New York State, Public Art, and City Beautiful 

 

Eventually, the philosophies of the City Beautiful movement spilled over and influenced residential housing and community planning not only for the wealthy, but for a wider portion of the population as well. Architects like Dwight J. Baum extended the influence to new approaches to housing and community. Baum was born in Little Falls, New York, not far from Syracuse, where he graduated from Syracuse University with a bachelor's degree in architecture in 1909. By 1931, he had received an AIA Gold Medal Award directly from President Hoover at The White House for the “best small house design from 1926-1930.”   

 

Baum received many other awards from the Better Homes of America, Inc. (BHA), an organization that promoted home ownership and the construction of single-family homes to overcome a housing shortage that followed World War I. For a period of time, Baum and his family lived in a community called Fieldston, located in the Bronx, where he designed 140 homes, some with murals, as part of an overall community with harmonizing landscape.
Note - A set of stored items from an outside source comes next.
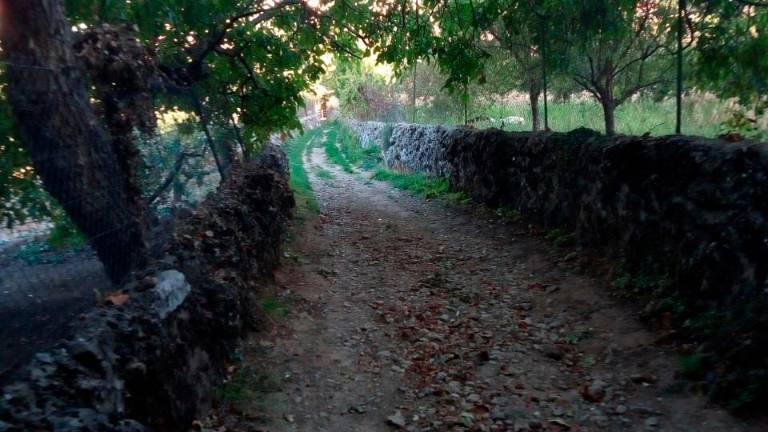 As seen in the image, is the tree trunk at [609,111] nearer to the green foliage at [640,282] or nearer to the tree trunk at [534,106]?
the tree trunk at [534,106]

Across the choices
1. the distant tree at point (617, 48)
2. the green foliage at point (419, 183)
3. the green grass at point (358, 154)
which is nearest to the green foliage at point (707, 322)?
the distant tree at point (617, 48)

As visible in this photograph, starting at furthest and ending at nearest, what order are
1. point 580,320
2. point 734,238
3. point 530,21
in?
point 530,21 < point 580,320 < point 734,238

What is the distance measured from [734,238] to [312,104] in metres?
60.0

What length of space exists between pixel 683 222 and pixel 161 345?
15.6 feet

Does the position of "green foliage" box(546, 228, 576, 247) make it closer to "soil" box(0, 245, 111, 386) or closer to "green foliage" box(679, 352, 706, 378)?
"green foliage" box(679, 352, 706, 378)

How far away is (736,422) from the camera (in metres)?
3.90

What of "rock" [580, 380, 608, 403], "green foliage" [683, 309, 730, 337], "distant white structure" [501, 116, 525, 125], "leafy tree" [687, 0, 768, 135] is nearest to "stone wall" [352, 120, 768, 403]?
"green foliage" [683, 309, 730, 337]

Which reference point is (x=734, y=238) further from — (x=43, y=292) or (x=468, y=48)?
(x=468, y=48)

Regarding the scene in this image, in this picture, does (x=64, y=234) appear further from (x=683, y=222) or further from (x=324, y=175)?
(x=324, y=175)

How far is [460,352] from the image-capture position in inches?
227

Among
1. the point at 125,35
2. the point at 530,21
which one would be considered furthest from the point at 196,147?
the point at 530,21

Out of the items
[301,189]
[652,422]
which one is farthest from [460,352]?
[301,189]

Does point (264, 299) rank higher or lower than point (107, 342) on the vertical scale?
lower

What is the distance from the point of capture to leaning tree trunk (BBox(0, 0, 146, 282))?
4305 mm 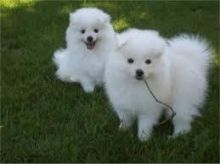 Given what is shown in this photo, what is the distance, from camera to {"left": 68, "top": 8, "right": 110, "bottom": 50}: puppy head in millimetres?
4957

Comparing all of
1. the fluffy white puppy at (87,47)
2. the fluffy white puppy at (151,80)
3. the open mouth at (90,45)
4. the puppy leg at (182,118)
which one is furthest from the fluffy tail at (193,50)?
the open mouth at (90,45)

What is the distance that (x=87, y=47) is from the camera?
17.1 feet

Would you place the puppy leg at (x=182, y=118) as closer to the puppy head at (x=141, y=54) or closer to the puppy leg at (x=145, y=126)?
the puppy leg at (x=145, y=126)

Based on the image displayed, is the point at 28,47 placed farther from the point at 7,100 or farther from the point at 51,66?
the point at 7,100

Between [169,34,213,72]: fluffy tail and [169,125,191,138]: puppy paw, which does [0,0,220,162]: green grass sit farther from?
[169,34,213,72]: fluffy tail

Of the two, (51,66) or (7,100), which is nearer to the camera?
(7,100)

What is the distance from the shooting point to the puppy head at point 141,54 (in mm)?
3666

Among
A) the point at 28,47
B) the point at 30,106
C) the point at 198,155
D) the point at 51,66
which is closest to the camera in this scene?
the point at 198,155

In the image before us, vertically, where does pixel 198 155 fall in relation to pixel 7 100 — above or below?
above

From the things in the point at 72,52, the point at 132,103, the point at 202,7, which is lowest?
the point at 202,7

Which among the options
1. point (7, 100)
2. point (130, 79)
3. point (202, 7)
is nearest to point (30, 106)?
point (7, 100)

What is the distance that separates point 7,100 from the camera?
189 inches

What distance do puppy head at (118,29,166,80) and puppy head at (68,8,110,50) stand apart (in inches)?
49.3

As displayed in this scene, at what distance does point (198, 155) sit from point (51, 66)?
244 centimetres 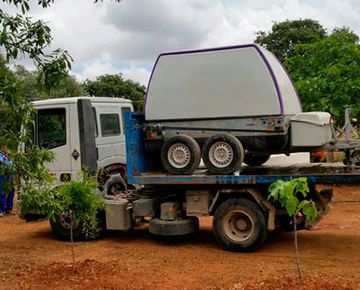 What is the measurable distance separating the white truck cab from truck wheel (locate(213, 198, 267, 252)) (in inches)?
101

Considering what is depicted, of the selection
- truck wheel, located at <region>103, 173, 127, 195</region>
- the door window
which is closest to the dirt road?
truck wheel, located at <region>103, 173, 127, 195</region>

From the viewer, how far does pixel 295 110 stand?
8766 millimetres

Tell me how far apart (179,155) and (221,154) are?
72cm

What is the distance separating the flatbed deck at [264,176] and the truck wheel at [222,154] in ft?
0.45

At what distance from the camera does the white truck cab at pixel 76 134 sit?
31.0 feet

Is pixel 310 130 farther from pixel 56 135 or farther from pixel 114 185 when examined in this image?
pixel 56 135

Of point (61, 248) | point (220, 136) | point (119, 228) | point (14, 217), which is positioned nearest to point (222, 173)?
point (220, 136)

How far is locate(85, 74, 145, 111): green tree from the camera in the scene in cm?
3953

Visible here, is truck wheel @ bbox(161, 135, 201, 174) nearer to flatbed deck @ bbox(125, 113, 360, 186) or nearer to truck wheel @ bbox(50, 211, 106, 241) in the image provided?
flatbed deck @ bbox(125, 113, 360, 186)

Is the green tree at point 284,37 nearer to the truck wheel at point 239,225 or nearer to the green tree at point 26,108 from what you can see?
the truck wheel at point 239,225

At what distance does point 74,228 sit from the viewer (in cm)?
957

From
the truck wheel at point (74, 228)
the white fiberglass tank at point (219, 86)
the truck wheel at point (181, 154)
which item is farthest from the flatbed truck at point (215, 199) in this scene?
the white fiberglass tank at point (219, 86)

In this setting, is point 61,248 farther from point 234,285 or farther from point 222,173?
point 234,285

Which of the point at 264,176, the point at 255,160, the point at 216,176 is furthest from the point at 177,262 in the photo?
the point at 255,160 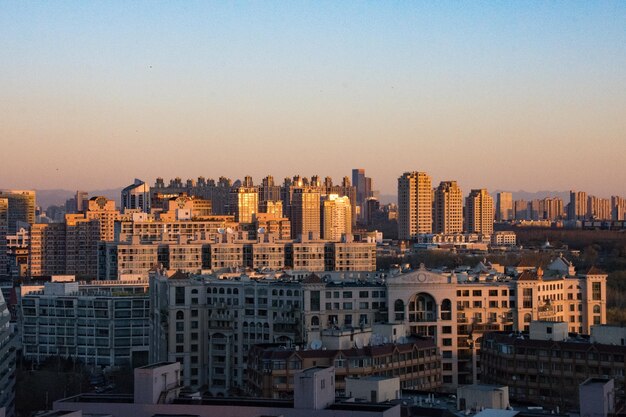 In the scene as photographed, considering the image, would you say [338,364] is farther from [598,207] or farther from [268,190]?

A demonstration home similar in style to Baum’s and developed in collaboration with BHA, was placed on The National Mall in Washington, DC in 1923, seemingly tying the “City Beautiful” and “Better Homes” movements together. Homes like these were the embodiment of what home ownership could bring to the American family and to the modern woman, for whom the homes were designed to honor as wife and mother, a demonstration of emerging societal shifts away from multi-generational households to suburbs, communities, and neighborhoods made up of homes that housed nuclear family units – father, mother, and the children they shared. Herbert Hoover served as BHA’s honorary president during his term as Secretary of Commerce. 

 

Baum’s influence and work is also seen in examples throughout New York and the Slate Valley. Due to a fire, a new Lincoln Bathhouse was constructed at New York’s Saratoga Spa State Park in 1928, completed in 1930 under then Governor Franklin D. Roosevelt. It is considered the most fully developed Beaux Arts structure in the State Park. The 1931-1935 projects, with funding from both the state and Hoover administration (the Relief & Construction Act of 1932) continued to receive similar support under FDR's New Deal. 

 

Major projects like the Lincoln Bathhouse require teams of professionals. This brought Baum together with architects Joseph H. Freelander and Marcus T. Reynolds from Albany, along with landscape architect A. F. Brinckeroff. Freelander served as the architect of the core portion of the park, while Baum designed the State Seal Bottling Plant and the Victoria Pool and Recreation Center, a complex including four Georgian Revival buildings and a slate terrace. The primary roofing slate used across the State Park was Weathering Green slate, the “old” sea green slate found in a vein from Pawlet to North Poultney here in the Slate Valley. 

   

Baum continued to gain fame from his mix of institutional and residential designs. Through the 1920s -1930s, he was acclaimed for his designs in the Sarasota, Florida area where he created a $5 million Venetian-Gothic Revival estate for John Ringling. Called “Ca d' Zan,” it is now part of the John and Mable Ringling Museum of Art. Baum also submitted a campus plan at Middlebury College in Vermont, not far from the Slate Valley, in 1935. In Syracuse, New York, he created a 50-year building plan for the University and was architect for three campus buildings and structures within the city, including Columbus Circle and several residential homes. He also created a plan for modernizing Wells College in Aurora, New York. 

 

Baum made several architectural contributions to the 1939 World’s Fair, including the Good Housekeeping House, YMCA Building, and the Home Furnishing Building. Martha Levy also contributed to the 1939 World's Fair for her easel artwork, but it would be her mural of the same year, Men Working in Slate Quarry, which would be hung in the Study Hall room of Granville High School that would impact then, and now, the lives of the slate communities nestled about the Valley. In 1939, only twelve slate operators were listed for the New York side of the Valley, a number that remained the same until it finally increased in 1946. 

 

Martha Levy's three-panel mural may be reflective of a critical industry and of local history, but it very well may also reflect the challenging times. Except for the workers in the actual quarry whose eyes are alert to the incoming carriage, the remaining workers go about their tasks with their eyes cast downward. Their work was very tough, as were the times.